Anyhow, back to your question, what was the attitude, well the attitude was one of—we had had a draft in December of 1969, I believe. I think it was in ‘69. I need to check that fact, I have it here. But—and what that did is eliminate all the 2-S deferments. So, if you were going to go to Vietnam, you would have a low number, and if you weren’t going to get drafted, you usually had a number probably above 200, and that was in the back of a lot of people’s heads. In mine—say we’re thinking that this is pretty serious, so when President Nixon said, “We’re going to expand the war and go into Cambodia,” I think it just triggered everybody’s response and said, Oh no, this is going to require more people, the chances of me getting drafted is going to increase and it’s going to expand the war and this is going to last for a long time. So yeah, I think there was a fear in a lot of people’s minds that they might get drafted, but I also think there was an anger that people were saying, What are we fighting for, what is the reason for this war? People are dying and life is going on here in a normal way and what is the reason? So, I think you had anger and fear, to answer your question.
[Interviewer]: I do want to back up a moment, you mention the racial protests in 1968 and 1969, so were you here for the walkout, where there was a significant amount of Black students?
[Paul Tople]: Yes, there was a walkout and when they protest—they had the protest for—or you had a group of Black United Students, BUS, and it was very active. There was also an organization on the University of Akron campus, and it’s ironic on Saturday night or Friday night of May 2nd or 3rd, there was a Black United Students rally at the University of Akron in 1970. Yeah, so, you had both protests going on towards the end, at the same time, two different topics but they were—they’re very active.
[Interviewer]: Were you personally, politically active on campus?
[Paul Tople]: No, the only activity I could say I was involved with, was working towards my degree and photographing whatever happened—documenting.
[Interviewer]: Did you have any feelings, one way or the other, as far as the Vietnam War personally and the protests that were happening on campus?
[Paul Tople]: Towards the end, towards 1970, I, like the other students, questioned why we were there.
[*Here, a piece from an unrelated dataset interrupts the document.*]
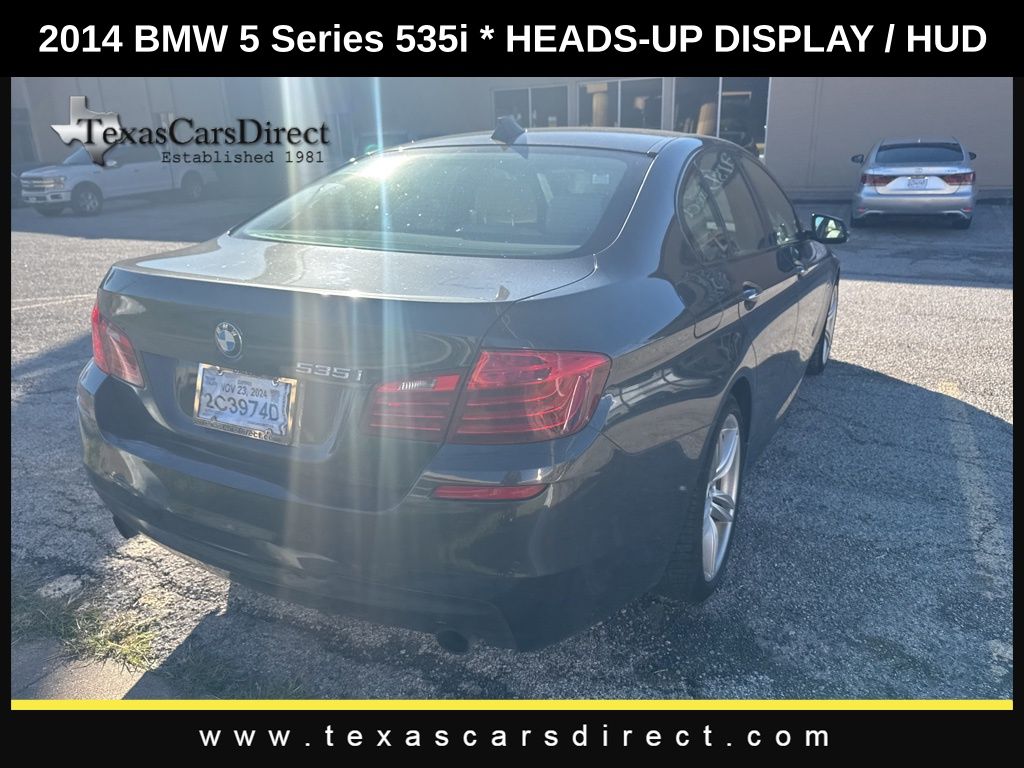 2014 BMW 5 Series 535i 5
So, this seemed like it was just—we were not committed to really winning that war and the people were dying over there for, it seemed like, a cause that wasn’t worth fighting for because they weren’t getting the support back here in the United States from the government and so, my attitude did change. It’s interesting, the different groups came on campus over the year, every spring. I said I had a jaded type of feeling about this, and we’d say it’s almost like the natives are restless in the spring, because the warmer weather would bring out the protests and they would meet in the Student Union, their homes, and organize, it seemed like, during the winter and then protest in the spring. There was kind of that feeling in 1970, here we go again, because one year it would be the Kent Liberation Front or it’d be The Weatherman or it would be the SDS or it would be—every year it just seemed like they rebranded the same group of people with a different name and they would have a protest and so that’s what I meant by my jaded attitude. We had seen this happen so many years in a row, under different names, that why was this going to be any different than anything else, you know, here we go again.
[Interviewer]: Since you were covering so much on campus with respect to the protests, did you share any of that activity, informing your family of what was taking place and did they have any reactions?
[Paul Tople]: No, and my mother, probably, if she knew how involved I was with photographing things, she would have probably tried to pull me out of the university. I don’t know. But no, I didn’t share that too much with my family and they didn’t have an opinion about that. I, at least, didn’t talk with them about it. I have two brothers and sisters, who were younger than me, I was the oldest, and I never talked about it much with them. I don’t know why, that’s a good question.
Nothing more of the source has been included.